Voulez-vous me permettre de courir à Londres et de ramener mistress Waterley ?
– Oui, certes, dit lord Vilmot.
. . . . . . . . . . . . . . .
Et quand le major fut parti, le docteur Gordon qui n’était autre que l’homme gris, et feu Shoking, devenu lord Vilmot, se regardèrent en souriant.
– Je suis content de toi, dit le premier.
– Maître, répondit Shoking, tout ce que nous avons fait là est fort bien, mais une chose m’embarrasse.
– Laquelle ?
– Voilà l’enfant devenu le fils de sir John Waterley.
– Jusqu’au jour où je démontrerai clair comme le jour au major que Ralph est le fils de sir Edmund Palmure.
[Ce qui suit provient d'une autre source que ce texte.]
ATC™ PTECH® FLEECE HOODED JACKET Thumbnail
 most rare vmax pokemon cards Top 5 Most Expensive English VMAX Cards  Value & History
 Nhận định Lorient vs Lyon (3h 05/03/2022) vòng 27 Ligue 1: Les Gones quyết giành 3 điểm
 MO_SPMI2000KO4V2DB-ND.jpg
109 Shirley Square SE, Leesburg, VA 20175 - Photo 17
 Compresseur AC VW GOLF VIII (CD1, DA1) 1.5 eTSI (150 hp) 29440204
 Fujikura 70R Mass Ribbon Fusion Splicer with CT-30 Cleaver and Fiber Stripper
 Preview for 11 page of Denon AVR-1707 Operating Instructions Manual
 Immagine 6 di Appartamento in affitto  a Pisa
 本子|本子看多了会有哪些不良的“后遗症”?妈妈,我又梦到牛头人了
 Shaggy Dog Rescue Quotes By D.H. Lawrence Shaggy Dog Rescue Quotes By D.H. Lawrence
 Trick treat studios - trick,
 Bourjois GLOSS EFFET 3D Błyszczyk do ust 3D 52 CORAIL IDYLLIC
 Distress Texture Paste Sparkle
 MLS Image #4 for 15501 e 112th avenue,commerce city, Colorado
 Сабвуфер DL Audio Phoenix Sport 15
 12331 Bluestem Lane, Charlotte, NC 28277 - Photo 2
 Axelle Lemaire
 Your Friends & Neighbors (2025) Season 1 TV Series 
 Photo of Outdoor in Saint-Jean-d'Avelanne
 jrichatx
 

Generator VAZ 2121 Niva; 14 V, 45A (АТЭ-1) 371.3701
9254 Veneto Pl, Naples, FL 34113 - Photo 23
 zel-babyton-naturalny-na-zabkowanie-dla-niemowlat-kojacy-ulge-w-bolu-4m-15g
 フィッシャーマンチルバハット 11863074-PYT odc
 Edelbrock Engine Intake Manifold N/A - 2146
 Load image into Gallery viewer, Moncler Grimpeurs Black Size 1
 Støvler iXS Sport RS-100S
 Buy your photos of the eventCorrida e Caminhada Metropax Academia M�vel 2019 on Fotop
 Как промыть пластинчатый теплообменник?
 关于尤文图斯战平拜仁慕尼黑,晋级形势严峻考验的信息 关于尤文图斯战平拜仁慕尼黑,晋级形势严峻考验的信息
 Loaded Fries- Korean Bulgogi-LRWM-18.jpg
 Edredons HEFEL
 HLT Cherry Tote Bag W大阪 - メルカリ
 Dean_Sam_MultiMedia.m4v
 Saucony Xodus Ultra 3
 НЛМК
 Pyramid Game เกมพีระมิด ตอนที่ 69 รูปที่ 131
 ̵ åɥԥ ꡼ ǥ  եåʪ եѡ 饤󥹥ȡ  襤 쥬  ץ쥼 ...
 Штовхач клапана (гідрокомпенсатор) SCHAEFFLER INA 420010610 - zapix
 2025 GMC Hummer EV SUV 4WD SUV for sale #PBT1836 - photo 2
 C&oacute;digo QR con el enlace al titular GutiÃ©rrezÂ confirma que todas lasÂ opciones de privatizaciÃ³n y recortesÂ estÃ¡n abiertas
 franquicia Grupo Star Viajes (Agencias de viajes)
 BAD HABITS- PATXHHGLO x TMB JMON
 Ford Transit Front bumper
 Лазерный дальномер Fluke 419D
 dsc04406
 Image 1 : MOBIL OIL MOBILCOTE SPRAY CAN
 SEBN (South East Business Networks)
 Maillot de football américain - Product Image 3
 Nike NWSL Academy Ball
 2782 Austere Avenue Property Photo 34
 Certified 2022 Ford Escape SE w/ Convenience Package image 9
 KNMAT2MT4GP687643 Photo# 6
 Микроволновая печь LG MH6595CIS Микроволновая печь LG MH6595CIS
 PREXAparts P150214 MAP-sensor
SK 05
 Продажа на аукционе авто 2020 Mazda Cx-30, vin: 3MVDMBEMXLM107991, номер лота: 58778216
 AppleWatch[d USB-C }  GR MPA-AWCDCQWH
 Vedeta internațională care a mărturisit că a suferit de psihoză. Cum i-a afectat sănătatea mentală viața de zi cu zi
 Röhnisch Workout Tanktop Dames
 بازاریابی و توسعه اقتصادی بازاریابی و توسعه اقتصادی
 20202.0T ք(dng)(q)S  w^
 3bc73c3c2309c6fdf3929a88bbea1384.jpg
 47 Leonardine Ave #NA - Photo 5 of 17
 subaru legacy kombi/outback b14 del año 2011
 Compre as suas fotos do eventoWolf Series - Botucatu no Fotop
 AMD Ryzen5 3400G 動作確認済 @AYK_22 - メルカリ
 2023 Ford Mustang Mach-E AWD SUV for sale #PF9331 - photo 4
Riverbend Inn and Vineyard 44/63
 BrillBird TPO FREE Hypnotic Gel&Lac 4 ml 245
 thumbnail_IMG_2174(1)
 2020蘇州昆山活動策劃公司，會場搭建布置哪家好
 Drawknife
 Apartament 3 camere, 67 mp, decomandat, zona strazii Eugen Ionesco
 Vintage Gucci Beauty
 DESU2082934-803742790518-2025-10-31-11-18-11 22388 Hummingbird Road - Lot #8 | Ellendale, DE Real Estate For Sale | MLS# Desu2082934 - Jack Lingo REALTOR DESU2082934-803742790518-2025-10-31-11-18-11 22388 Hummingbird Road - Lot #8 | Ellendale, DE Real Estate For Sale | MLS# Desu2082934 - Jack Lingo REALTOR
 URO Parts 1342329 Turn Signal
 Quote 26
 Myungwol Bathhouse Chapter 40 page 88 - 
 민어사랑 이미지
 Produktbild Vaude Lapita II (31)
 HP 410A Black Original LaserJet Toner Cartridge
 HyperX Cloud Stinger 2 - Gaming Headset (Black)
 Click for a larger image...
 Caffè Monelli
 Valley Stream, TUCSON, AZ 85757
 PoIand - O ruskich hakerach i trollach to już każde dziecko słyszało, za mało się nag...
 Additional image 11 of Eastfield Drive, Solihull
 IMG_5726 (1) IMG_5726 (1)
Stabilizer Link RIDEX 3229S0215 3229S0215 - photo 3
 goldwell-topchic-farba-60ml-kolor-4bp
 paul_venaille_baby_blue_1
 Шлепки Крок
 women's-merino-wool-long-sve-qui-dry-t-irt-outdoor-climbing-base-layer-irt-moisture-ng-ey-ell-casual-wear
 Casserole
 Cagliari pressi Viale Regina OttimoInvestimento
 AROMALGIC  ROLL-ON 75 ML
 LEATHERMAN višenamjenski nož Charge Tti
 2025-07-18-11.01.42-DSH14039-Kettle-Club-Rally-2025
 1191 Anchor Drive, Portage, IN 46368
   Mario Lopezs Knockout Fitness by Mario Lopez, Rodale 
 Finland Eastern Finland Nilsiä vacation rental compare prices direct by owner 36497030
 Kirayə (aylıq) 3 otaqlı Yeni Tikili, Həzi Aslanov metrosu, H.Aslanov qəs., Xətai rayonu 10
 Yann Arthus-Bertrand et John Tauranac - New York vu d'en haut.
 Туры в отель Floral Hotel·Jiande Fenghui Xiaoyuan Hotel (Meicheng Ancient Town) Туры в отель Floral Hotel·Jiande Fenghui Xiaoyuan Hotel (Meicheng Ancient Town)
Mais ce jour est loin encore, et l’enfant une fois entré à Christ’s hospital, nous serons tranquilles, et nous attendrons qu’il soit devenu homme pour lui révéler la mission qui lui est réservée.
– Soit ; mais la fortune… qui la gardera ?
– Lui, parbleu !
– Cette fortune existe donc ?
– Sans doute.
– Les titres de rente ne sont pas imaginaires ?
– Non.
– Et les terres d’Irlande ?…
– Tout cela fait partie du patrimoine consacré à la cause que nous servons.
– Mais enfin, dit Shoking qui avait une dernière objection à faire, Jenny va se trouver ainsi séparée de son fils ?
– Non.
– Comment cela ?
– Je me suis occupé de la faire entrer comme lingère dans le collége où sera l’enfant.
– Est-ce possible ?
– Elle et Suzannah.
– La sœur de John Colden ?
– Oui.
– Pauvre John ! dit Shoking, il payera pour tous, celui-là.
– Que veux-tu dire ?
– Il sera condamné à mort pour avoir tué M. Whip.
– Oui.
– Et il sera pendu.
– Non, dit l’homme gris.
– Oh !
– Ne t’ai-je pas dit que je le sauverai ?
– Oh ! fit Shoking, est-ce possible ?
– Tout est possible à celui qui veut, répondit l’homme gris.
Et son accent était si convaincu que Shoking espéra revoir John Colden.
Il avait foi dans le maître mystérieux qui arrachait les enfants au moulin sans eau.